English 1050 students often participate in innovative activities through the many service-learning courses at UNCP. Professor Hannah Baggott Anderson organized a Hunger Banquet involving over 100 composition students in six classes on October 9, 2019. The event was sponsored by UNCP’s Office for Community and Civic Engagement and the CARE Resource Center. English 1050 students in the service-learning courses taught by Anderson and Dr. Autumn Lauzon engaged in a simulation to show the inequality of wealth distribution and how poverty and hunger affect communities around the world.

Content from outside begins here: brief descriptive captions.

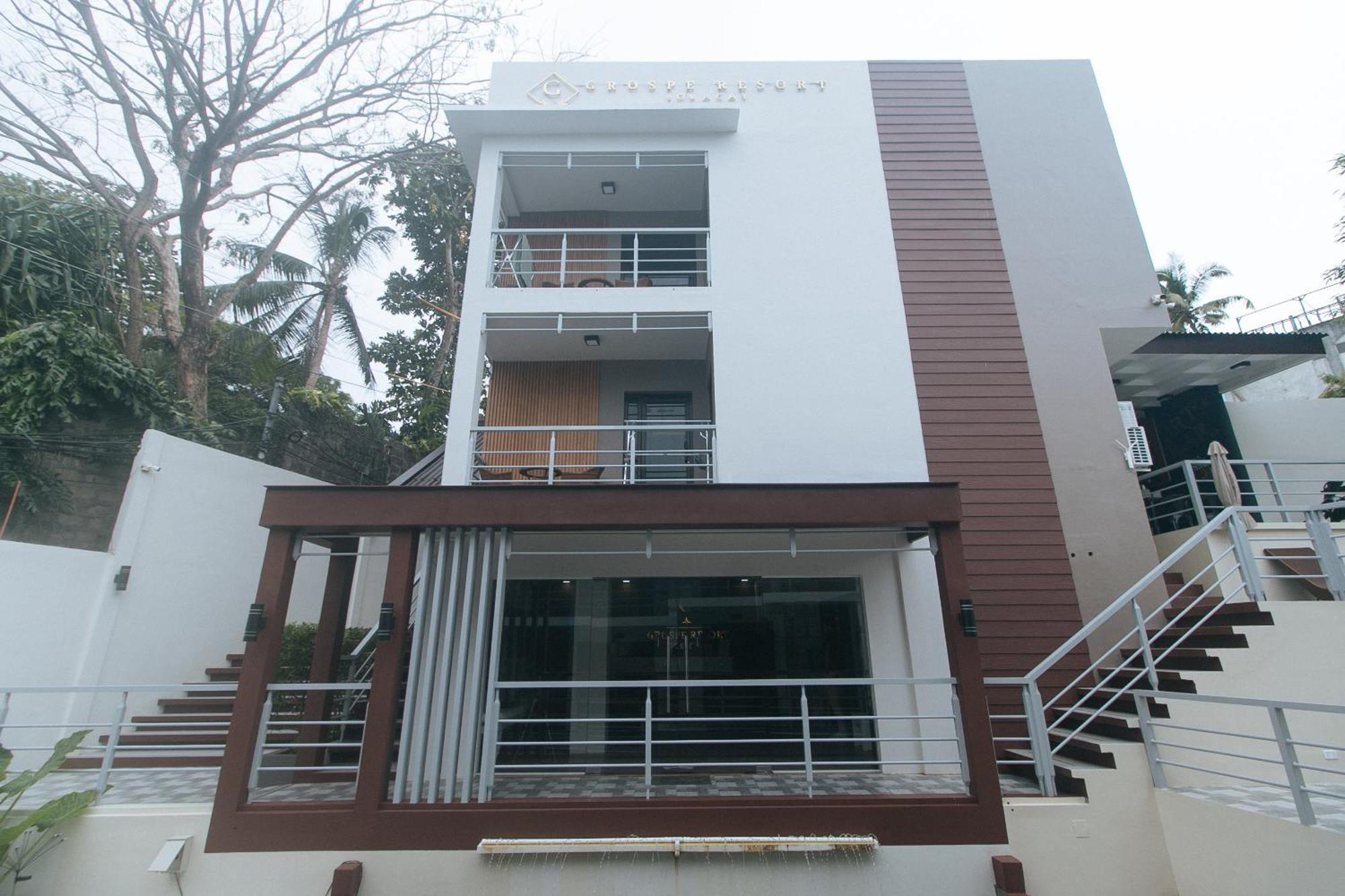 Grospe Resort Boracay By Reddoorz Manoc-Manoc Exterior photo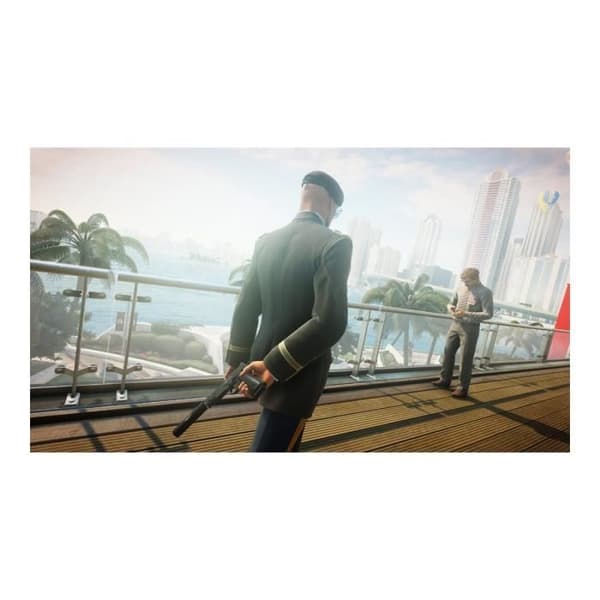 Hitman 2 PlayStation 8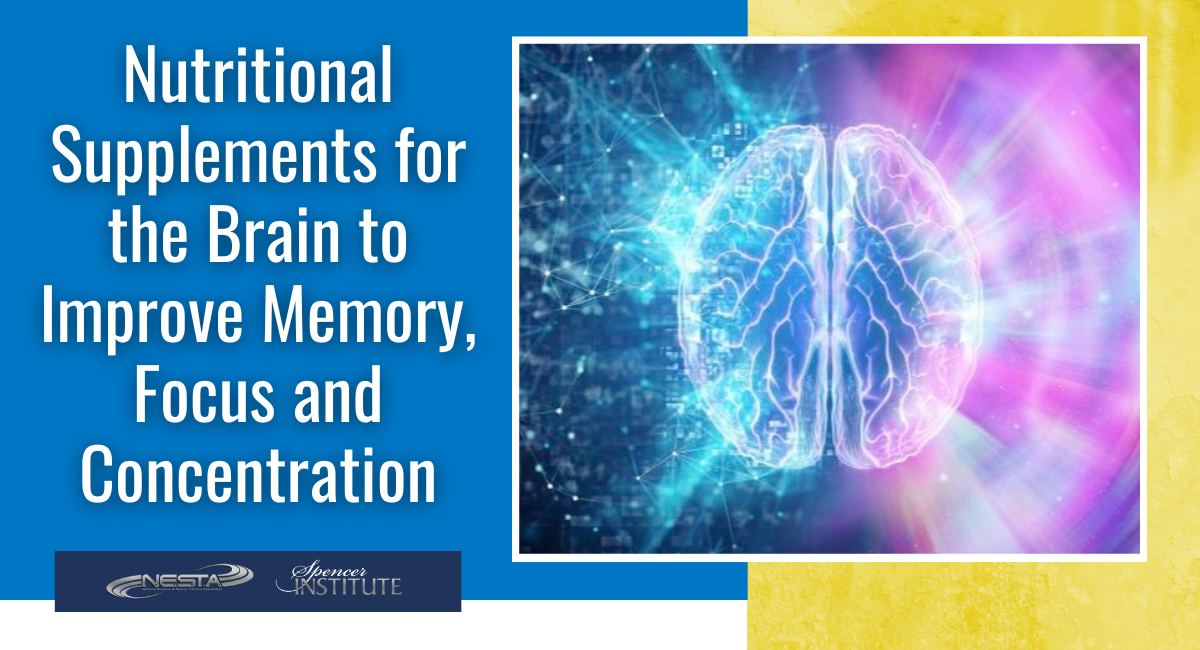which supplements are best for improving memory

During the Hunger Banquet, students received an assigned character as they entered with a designated social "class" (upper, middle, or lower), and they could text a number to read the story behind their character. All of these stories were based on actual events. During the event, Anderson and Lauzon highlighted statistics related to poverty around the world. In addition, the simulation involved role playing in which students' “stories” allowed them to “rise” to the middle class or move to the lower class. These changes in socioeconomic status were sometimes due to changes in employment in which simulated corporations cut their jobs. Also, some characters experienced natural disasters that destroyed agricultural assets.
Student Lindsey Nichols said, "I started as middle class in the banquet, but I was moved to lower class because all of my crops died. So I didn't have income. It was shocking how quickly things could change!" Through the role playing, students got a better understanding of the complex dynamics of poverty.
The event culminated with a banquet, but not a traditional feast. The “upper class group” got cake and soda, the “middle class” received only bottles of water and packs of crackers, and the “lower class” (which was the largest) had to share a pitcher of water and one box of saltines. The most interesting part of the event was seeing how the upper class groups never offered to share with the other groups.
"What shocked me most was learning that women are more likely to be in poverty than men, and that wealth greatly affects your life expectancy," said student Lindsey Nichols.
“This event has opened my eyes to recognize that there is a problem and encouraged me to educate myself in order to help eradicate hunger and the separation of people by social class,” noted student Clavaria Jefferys.
The Hunger Banquet engaged students in an immersive experience, and it also gave them a chance to think about how they can be agents for change in our communities.